UM staff made refinements to the custom punctuation filter for large scale search, and ran tests only to discover the filter did not provide the performance boost anticipated. The punctuation filter has been set aside temporarily, but has potential for future implementation. Tests conducted by staff to compare response times for common-grams Solr indexes in various configurations resulted in a new emphasis being placed on the importance of a well-tuned list of common words. A new program that evaluates the total number of term occurrences for the most frequently occurring words in an index was created to aid in the selection of common words for this list. Additional details can be found on the HathiTrust Large Scale Search Blog (http://www.hathitrust.org/blogs/large-scale-search/). Four new posts were added to the blog in July.
Ingest – Ingest was slowed in July by the discovery that Google was making volumes available for ingest that did not contain the required descriptive metadata. Google addressed the problem and ingest continued as normal after these volumes were re-ingested.
Data API – University of Michigan staff responded to feedback received from California Digital Library on the Data API and discussion of the API continued when CDL visited Michigan. Key issues that have arisen are security and determining how much functionality should be built into the baseline API.
Collection Builder – Michigan explored solutions for integrating Collection Builder functionality into the temporary HathiTrust Catalog. Planned improvements would allow users to save multiple items to a public or private collection directly from a search results or bibliographic record listing in the catalog.
Outages – At 8:15pm EDT, Wednesday, August 5th, an incident (that we are currently investigating) at the Indianapolis data center caused HathiTrust storage at that site to be unavailable for 1 hour and 15 minutes. During that time the entire Ann Arbor node of HathiTrust as well as web servers at the Indianapolis node continued to be available for users. Our current load balancing and failover strategy does not adequately account for this sort of partial failure. In the worst case, a user whose browser was directed to the Indianapolis site may have been unable to view books in the repository during the period from 8:15-9:30pm EDT. For most users, however, load balancing would have directed their browsers to the Ann Arbor site during this period. In the coming year, we will be replacing mechanisms that currently handle load balancing and failover, and will devote attention to developing a more nuanced failover strategy.
Number of volumes added:
|University of California||109,403||308,648|
|University of Michigan||187,903||3,070,274|
|University of Wisconsin||3,707||215,045|
- 47,028 public domain volumes were added in July, bringing the total number of public domain volumes to 581,336 (16% of the total content).

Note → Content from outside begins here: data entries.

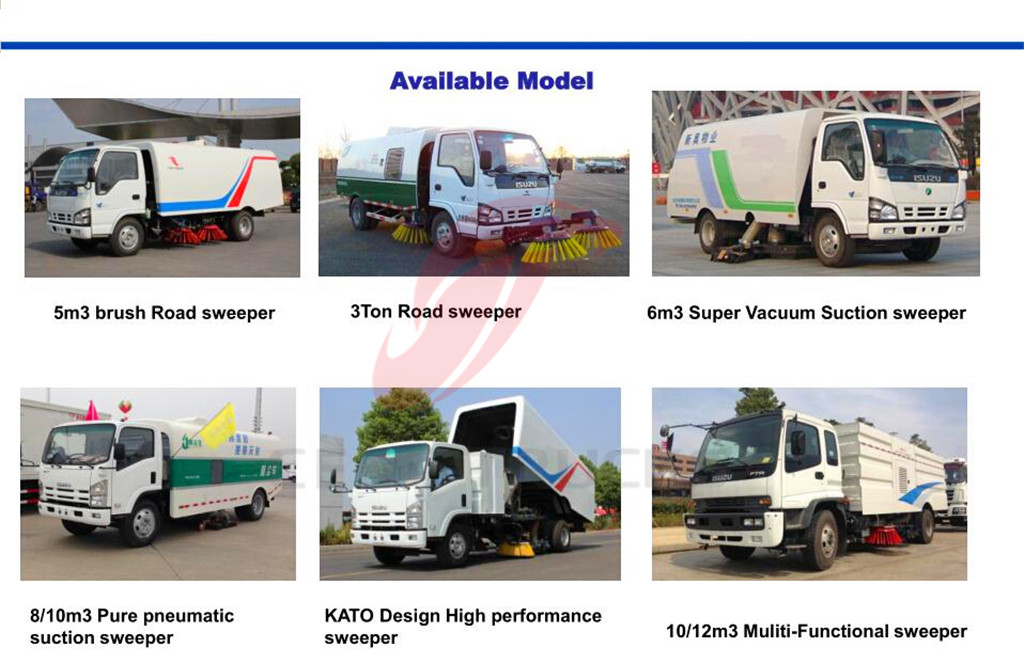 Availble ISUZU model road sweeper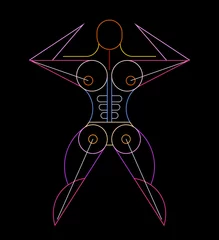  Neonkleuren geïsoleerd op een zwarte achtergrond Gespierde Bodybuilder vectorillustratie. Abstract line art design van menselijk lichaam met open benen en handen omhoog. ©  danjazzia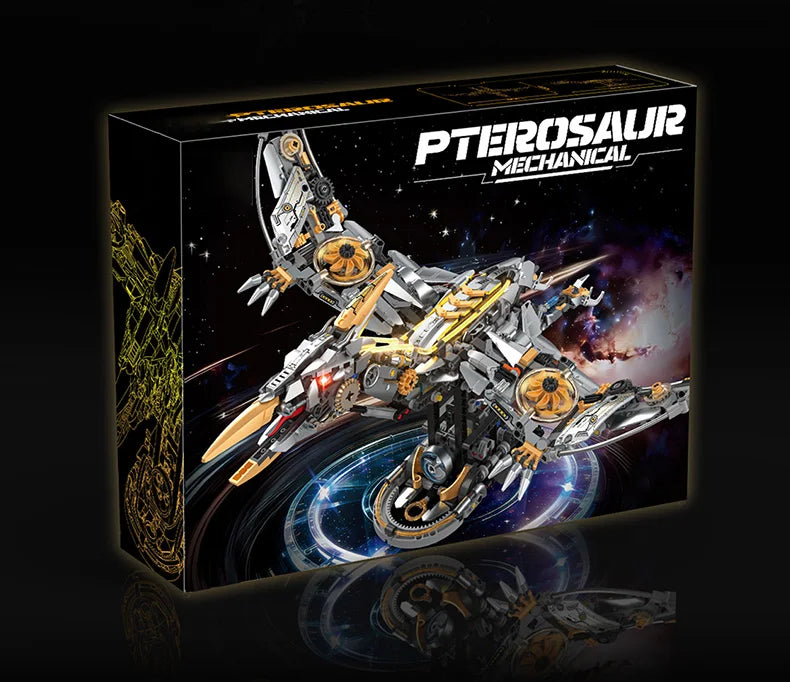 Juego de 1266 Piezas de Bloques de Construcción de Pterodáctilos y Triceratops Mecánicos, Adorno de Escritorio, Juguete Educativo de Ensamblaje, Regalo de Cumpleaños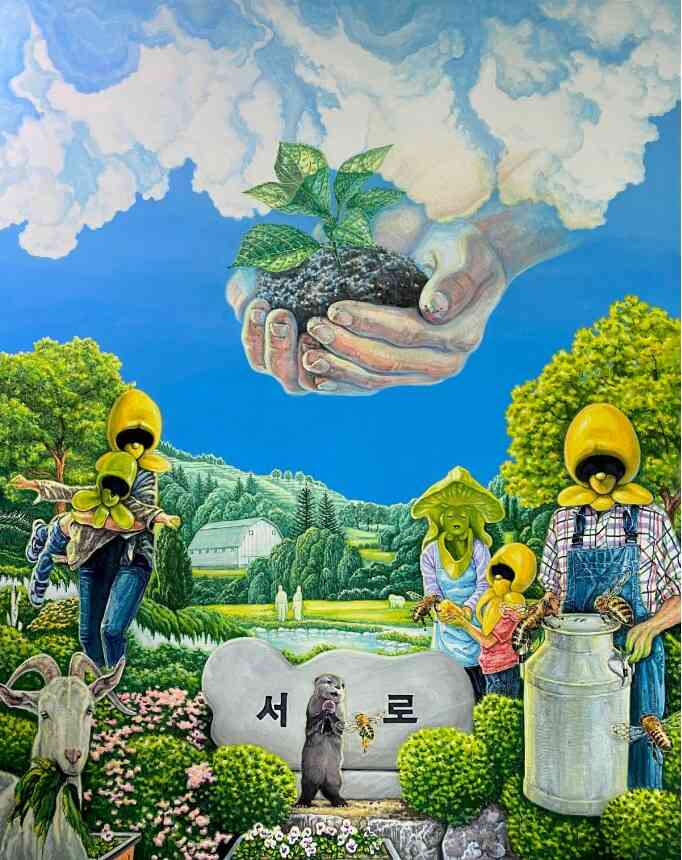 장종완, 서로 (Go West), 2023, Acrylic gouche on linen, pigment, glitter, 227.3 x 181.8 cm. 파운드리 서울 제공.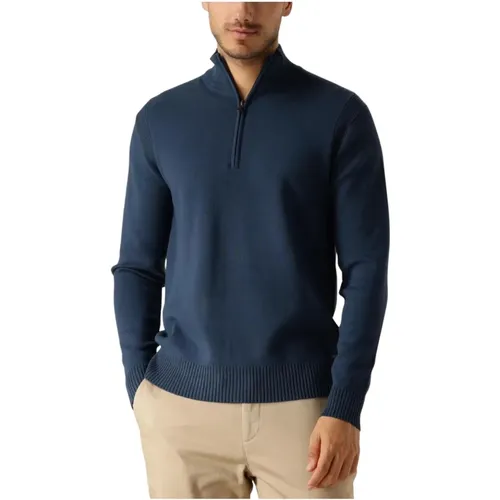 Marineblauer Half Zip Pullover für Herren , Herren, Größe: XL - DSTREZZED - Modalova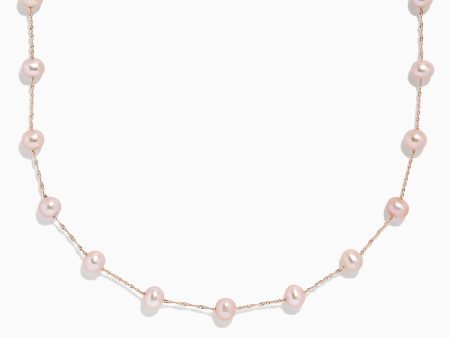 14K Rose Gold Cultured Fresh Water Pearl Necklace Online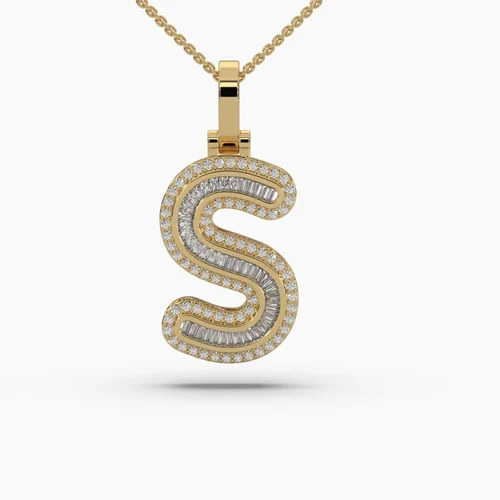 S Alphabet Gold Diamond Pendant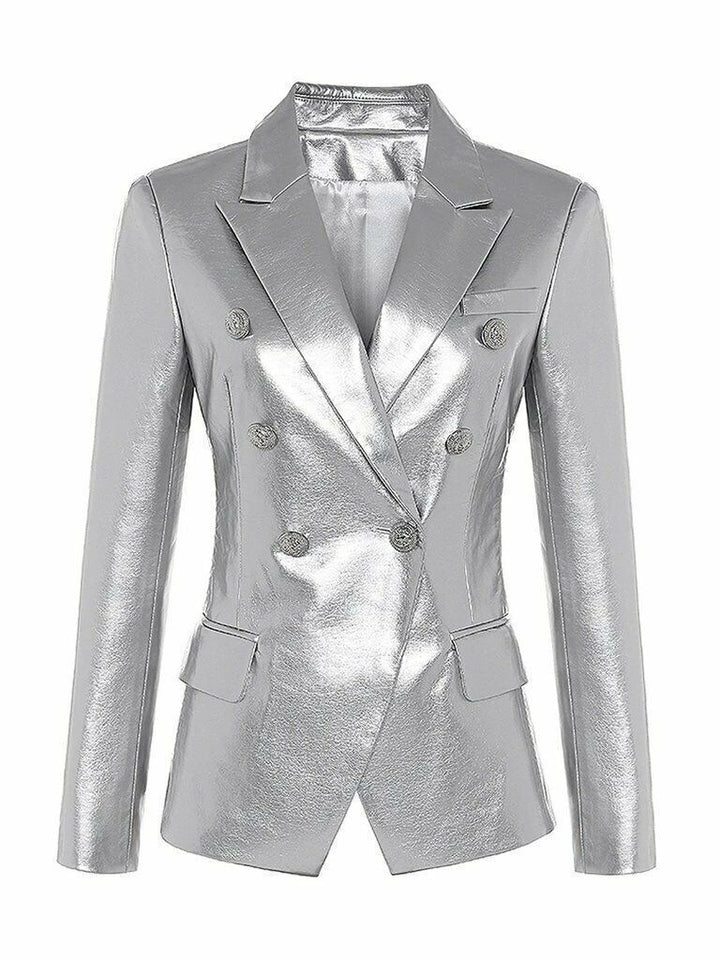 metallic double-breasted blazer – LUNARA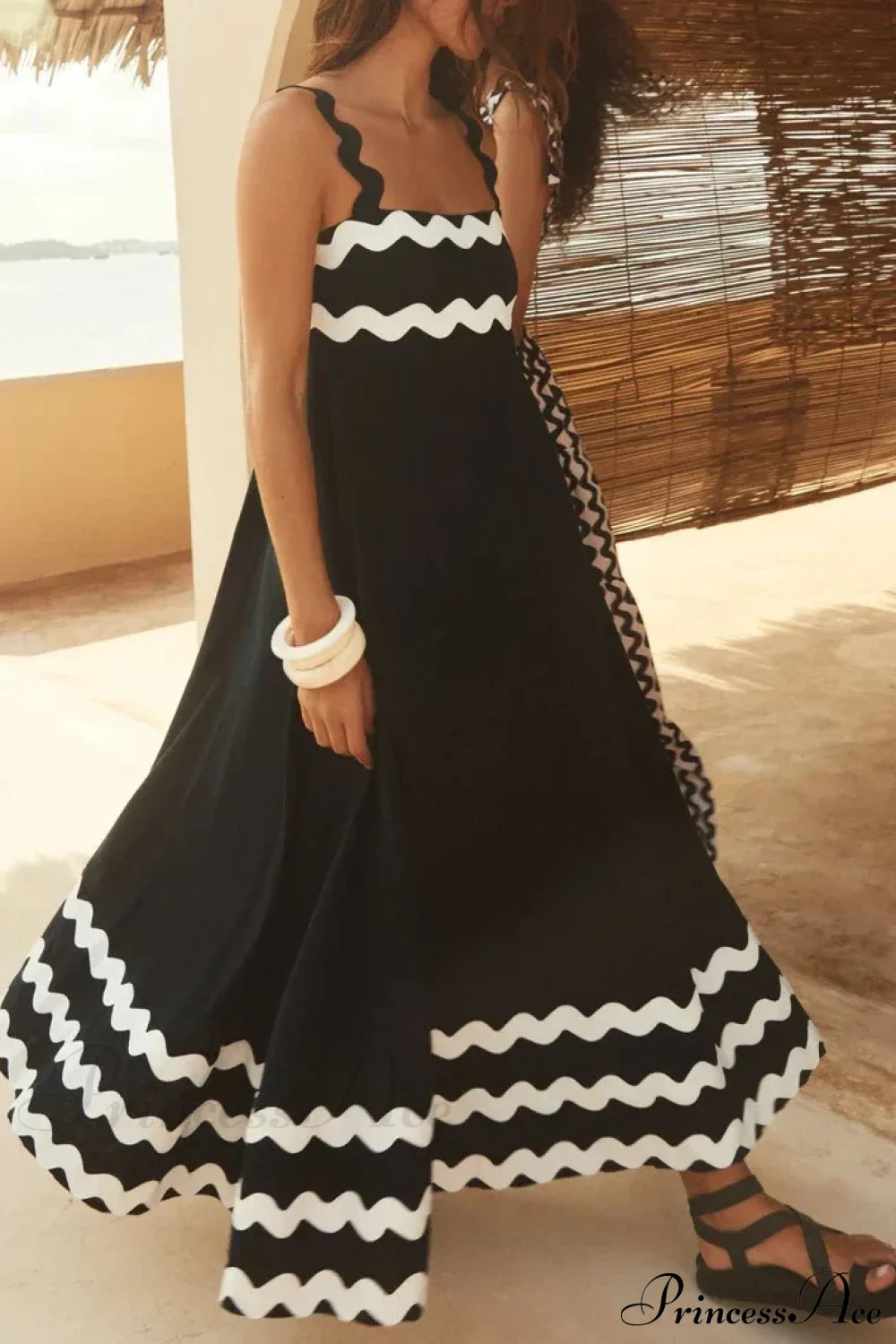 Summer Holiday Elegant Vintage Sling Long Maxi Boho Dress Army Green / S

- Establish a collaborative development environment for the HathiTrust Page Turner.
- Test large scale search performance on new dedicated server hardware.
- Begin working with facets in large-scale search and continue testing performance variables including common-grams and punctuation.
- Work on enhancements to the HathiTrust interface, most likely in Collection Builder.
- Work to integrate Collection Builder functionality with the Catalog.
- Develop beta mobile interfaces for the Catalog and Page Turner to the point initial user testing can be conducted.